ナイスコントロール!
「どーしよ…」
「フィリアが先に逃げる。次、ライラをぶち殺す。最後、放送部の奴に死の宣告を届ける」
「レオ、黒い」
「ん?このくらい当たり前だ。やっと、やっと、父さんが帰って来て平和な生活が送れると思ったのに…!」
「ああ…」
何処からかチョコが飛んできた。
「へ…?」
丁度フィリアが喋ろうとしていたところで見事命中。
「さすが、ライさん!」
ライが投げたのは手にしていた媚薬チョコ。
「ふ、う…!?」
フィリアが最初に見たのは近くに居たレオ。
だんだん、顔が赤くなっていくフィリアにレオがため息をつく。
「…バーカ。あ、でもライさんだからしょうがないよな、うん。写真、撮りまくってるし?」
レオはフィリアをお姫様抱っこするとワープする。
「じゃ、な」
「あ、待て!ライさん!行っちゃいましたよ、いいんですか!」
「写真は撮ったから良い。それにフィリアが可哀想だろう」
さすがフィリアのお兄さん。と感心してしまったライラ。
「じゃなくて!くっそぉ!フィリアとレオがラブラブの写真は結構高く売れるんだよ?!撮り損なったぁ!」
言葉使いが悪くなったライラにライも苦笑するしかない。
「次は、ライ君よ!何気なく混ざっているもの!」
「次はライのバカ野郎だな!女子にモテやがって!俺は彼女なんていないのに!告られた事なんて無いのに!クッソォー!こくられても断りやがって!!あのフィリアちゃんの兄だし!!恨む、マジ!!」
女子と男子の狙いがライへ変更された。
「ちっ…逃げるか。じゃあ、元気でライラ」
ライは集団の中を全速力で駆けてあっという間に逃げた。
「早…!じゃなくてフィリア探し」
―フィリア達はー
「フィリア、しっかり…?」
「フフフ、なんか気持ちいー」
「…ファイナさん、悪趣味すぎる。なんで媚薬なんて持ってんだ?!驚きだね」
レオは膝の上にフィリアを乗せて髪を撫でながら呟いた。
ちなみに逃げやすい屋上に居る。
「ん~…」
フィリアは気持ちよさそうに目を細めた。
「さ~てと。ライラ、こそこそと見てんのはどうなんだ。出て来いよ」
レオが屋上の扉に隠れてカメラを連写しているライラに向かって話しかけた。
「な、なんで!分かったの!!」
「俺が気配に気がつかないと思ったか。ライラの気配は分かりやすいんだよ」
「むぅう…で、フィリアどう?」
「まだチョコの効果は出ていないな。それで?」
「いやぁ、聞いてみただけだよん!」
ライラはそそくさと屋上から消えた。
「なんだ…。ちょっと殺ろうかと思ったのにな」
レオが恐ろしい事をボソッと呟く。
「レオ~…好き」
「ん。ありがたく頂きます」
「大好き」
「ん」
フィリアが媚薬チョコの影響が出たのか、顔を赤くしてレオの正面に回りニコニコと笑う。
「あのね…」
「どうした?」
「えっと…」
フィリアはうつむいてぼそぼそと何かをレオに言う。
「…それはダメだろ」
「いいのぉ~!!」
レオが却下するとフィリアは駄々をこねた。
「さすがにそれは…」
「いーから!ね!」
レオは困った。
「いやさ、普段なら嬉しいけどね、媚薬チョコのせいだろ、それ。俺嫌だし…」
『再び!!『モテル奴に地獄を味わってもらおうゼ、イエェー!!』のコーナーだ!!えーと№3のフィリアが媚薬チョコを食べちったぜ!写真撮るなら今がチャンス!!屋上でレオと二人っきりだぜぇ!!うっひょー!!

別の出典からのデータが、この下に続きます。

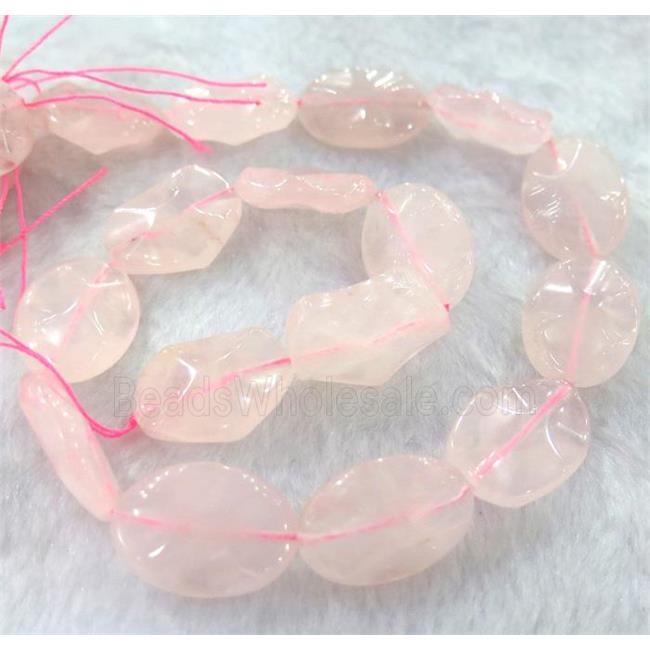rose quartz bead, twist oval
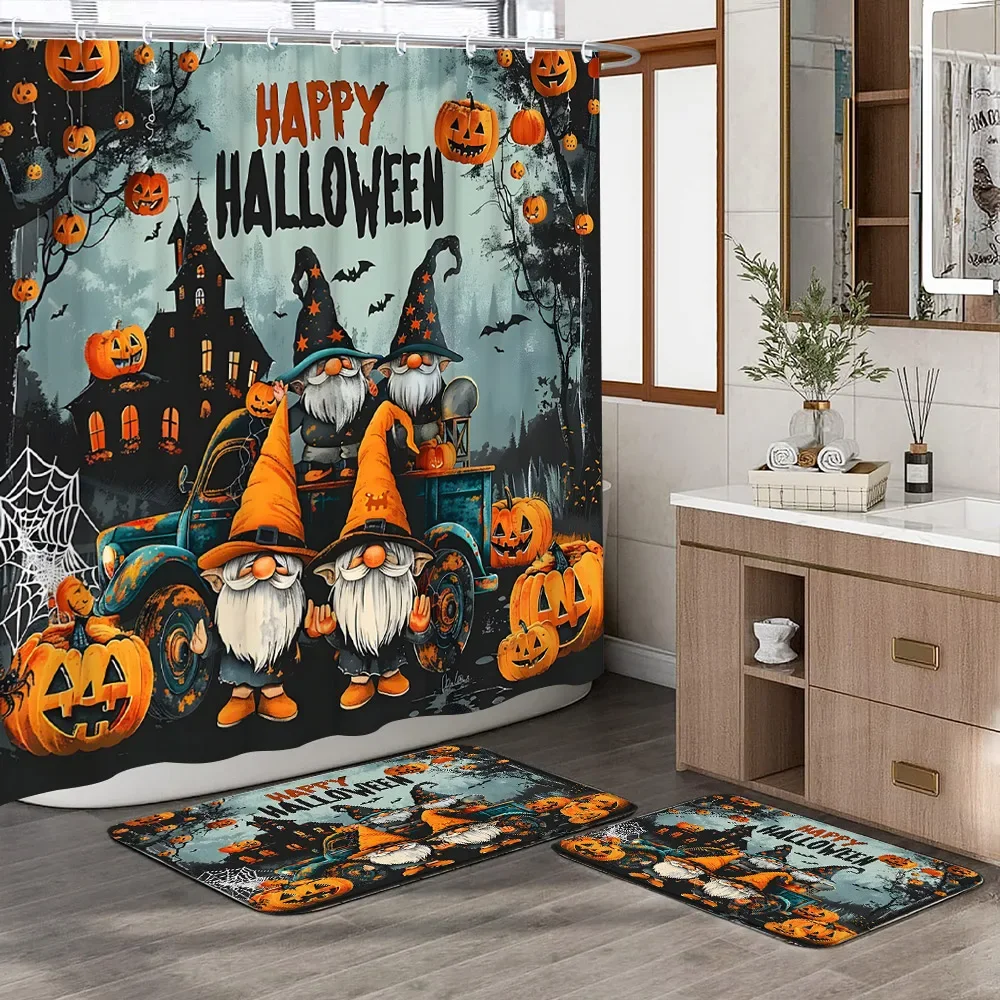 Personalised Colourful Spiderweb Bat Shower Curtain Rug Set Halloween Theme Polyester Shower Curtain 2 Bath Mats Bathroom Decor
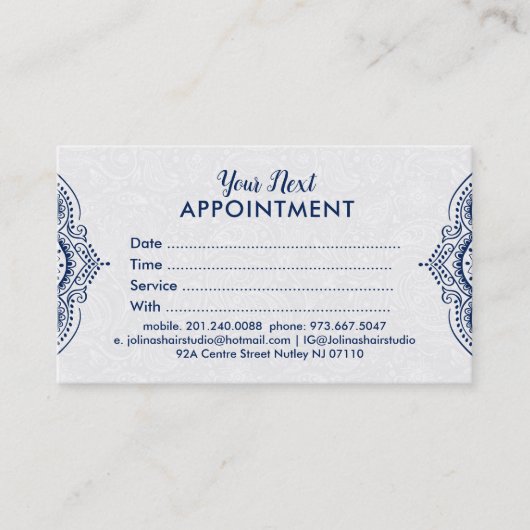 ブルーペイズリーマンダラレースアポイントメントカード 予約カード (正面)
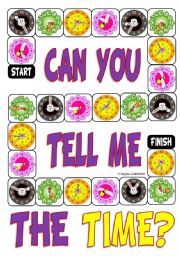 English Worksheet: Can you tell me the time? Boardgame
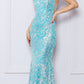 Nox Anabel R1308 Long Sequin Floral Print One Shoulder Mermaid Gown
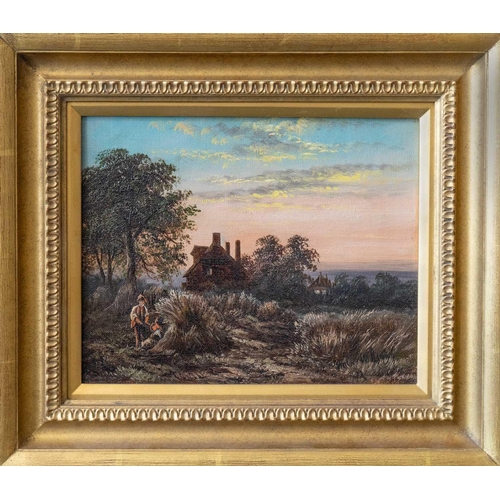 166 - George Walter WILLIAMS (1834-1906) Haymaking, The End of The Day Oil on canvas, signed, 20 x 24cm, 3...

№1のライは王宮に避難しやがった!!あいつズリィ!!!ルーピンの行方はわかんねぇ!!結界とか…ハッ!!』
「…良いタイミングで。今回は感謝をするとしよう」
レオが放送に感謝した。
「ん?なんで~」
「内緒だ。よっと」
レオはフィリアをお姫様抱っこすると屋上のフェンスを乗り越えて飛び降りた。
「ひゃあ」
「さー、逃げるぞ!」
「おー!!」
薬のせいでテンションが上がっているフィリア。